---- Entries supplied
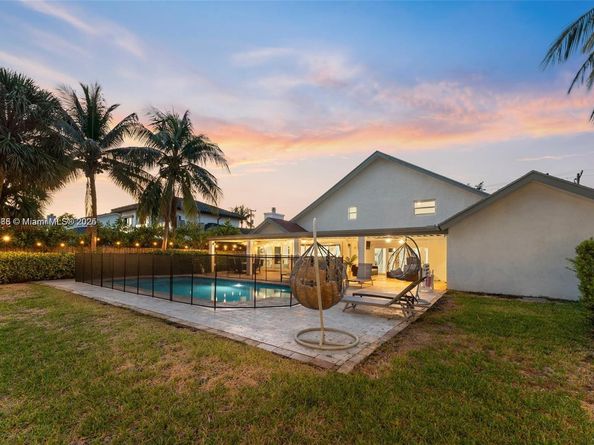 413 Holiday, Hallandale Beach FL 33009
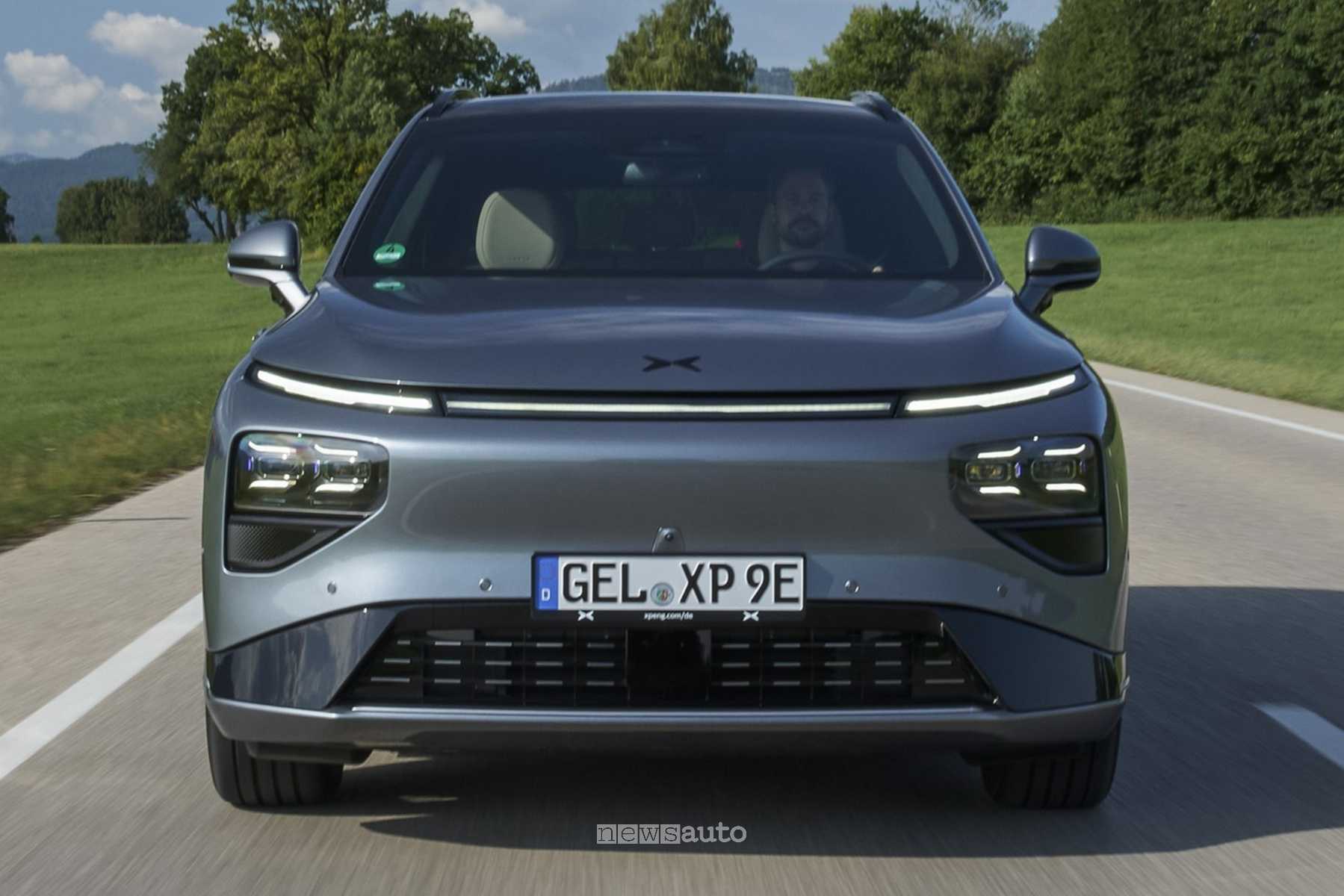 Xpeng G9 2026 su strada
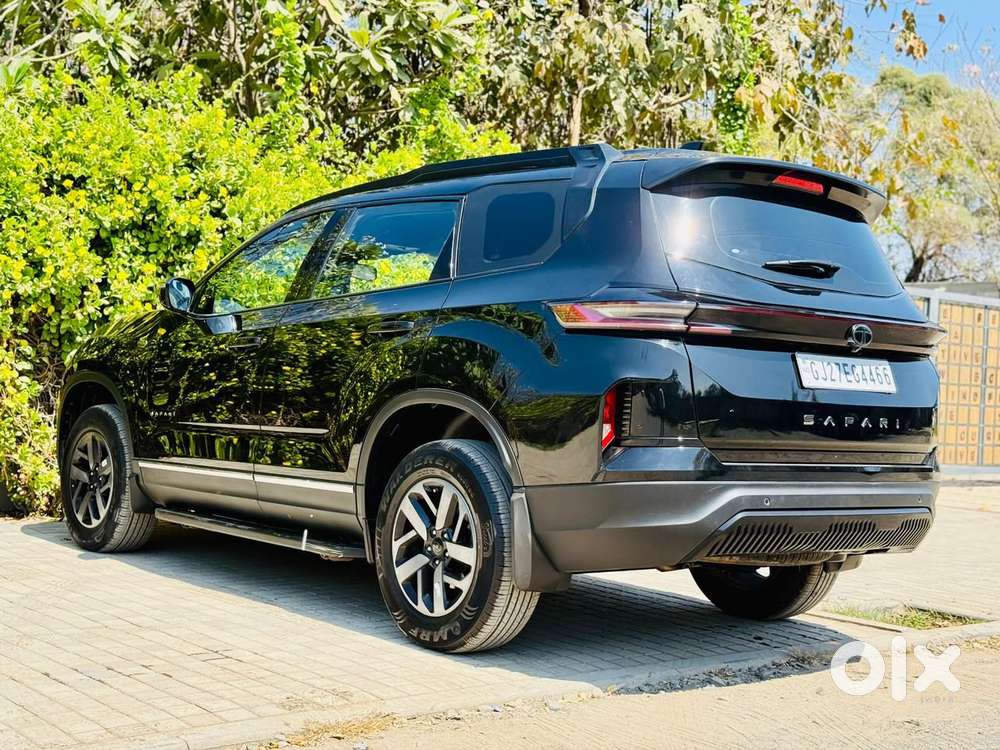 Tata Safari Pure Plus S Dark Edition At, 2025, Diesel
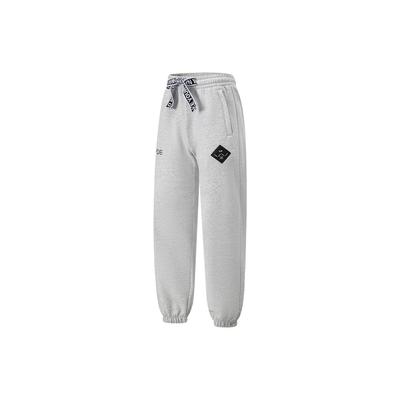 Na dół – Spodnie sportowe i legginsy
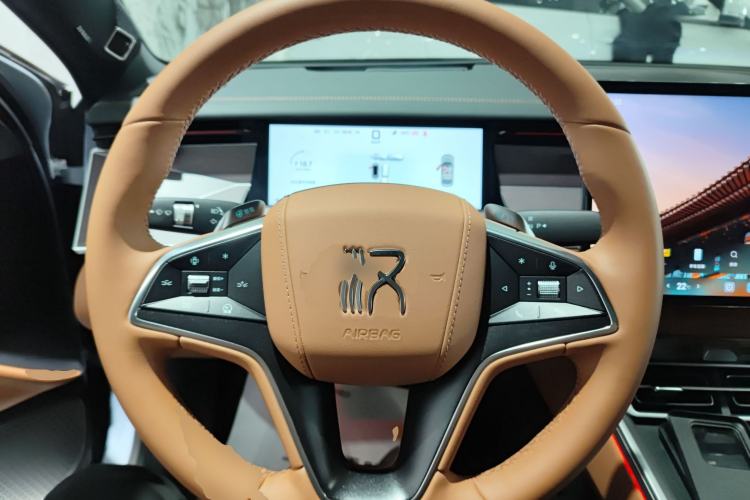 Used BYD Han L 2025 EV Four-Wheel Drive LiDAR Flagship Model Steering Wheel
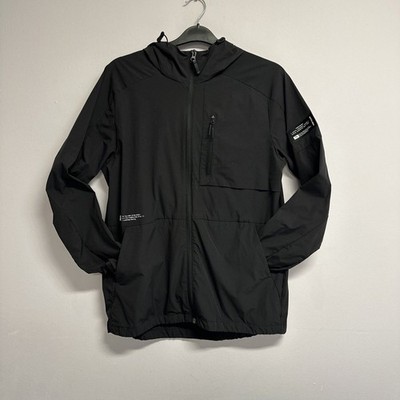 Schwarze Jacke mit Kapuze von ANTA Sports Apparel. Herren Größe 2XL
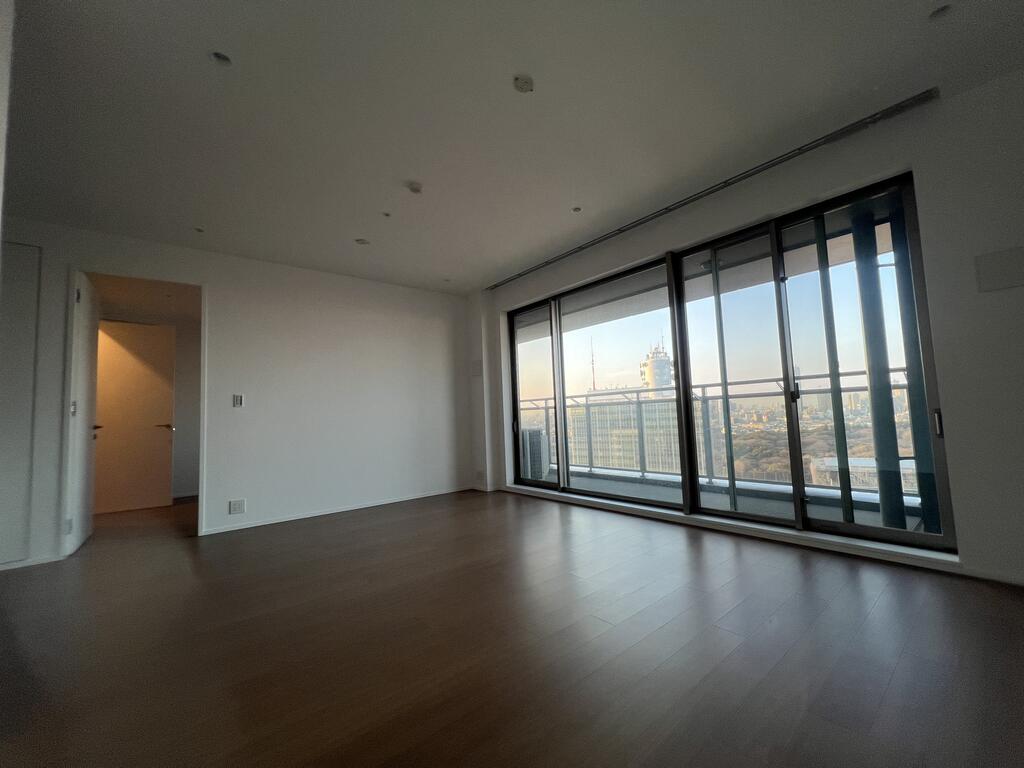 居室・リビング　明るく広々としたLDK空間です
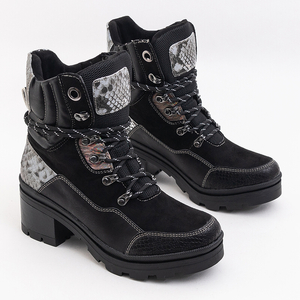 Schwarze Stiefel mit Helli-Prägung. Schuhe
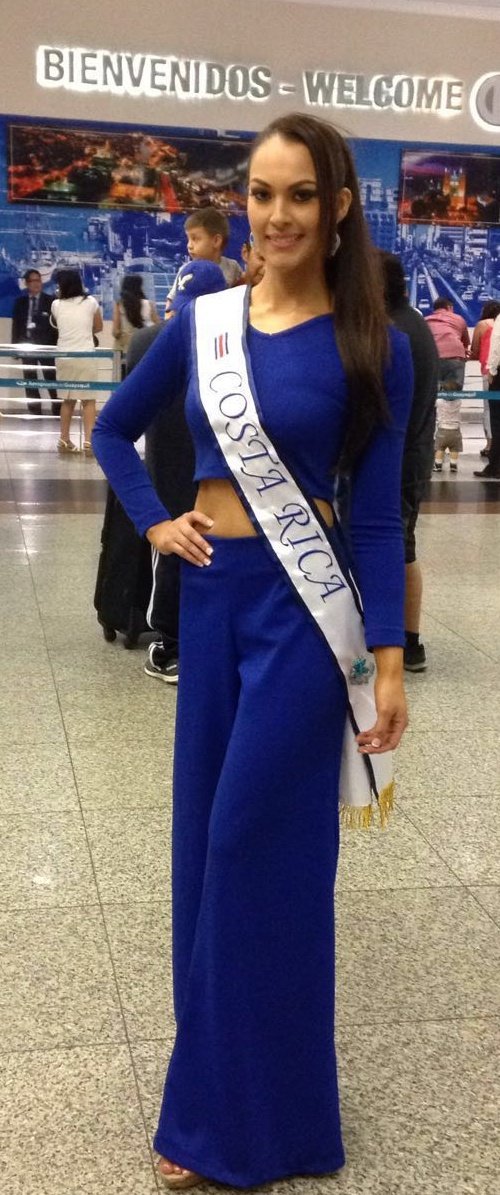 feriabananoec's tweet photo. Miss Brasil y Miss Costa Rica reciben el cariño de los ecuatorianos a su llegada a nuestro país.
¡Bienvenidas! https://t.co/I8B7HU60F3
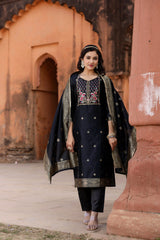 BLACK COLOURED TREDITIONAL WEAR KURTA SET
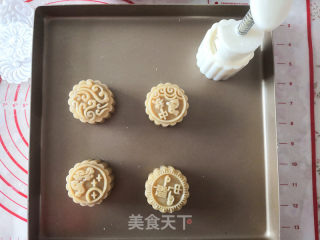 莲蓉月饼的做法步骤：4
--------
#### Required work:
At the line containing "居室・リビング　明るく広々としたLDK空間です", begin reproducing the entries word for word, and continue through their last line. Leave out the pictures.

#### Expected answer:
 居室・リビング　明るく広々としたLDK空間です
 Schwarze Stiefel mit Helli-Prägung. Schuhe
 feriabananoec's tweet photo. Miss Brasil y Miss Costa Rica reciben el cariño de los ecuatorianos a su llegada a nuestro país.
¡Bienvenidas! https://t.co/I8B7HU60F3
 BLACK COLOURED TREDITIONAL WEAR KURTA SET
 莲蓉月饼的做法步骤：4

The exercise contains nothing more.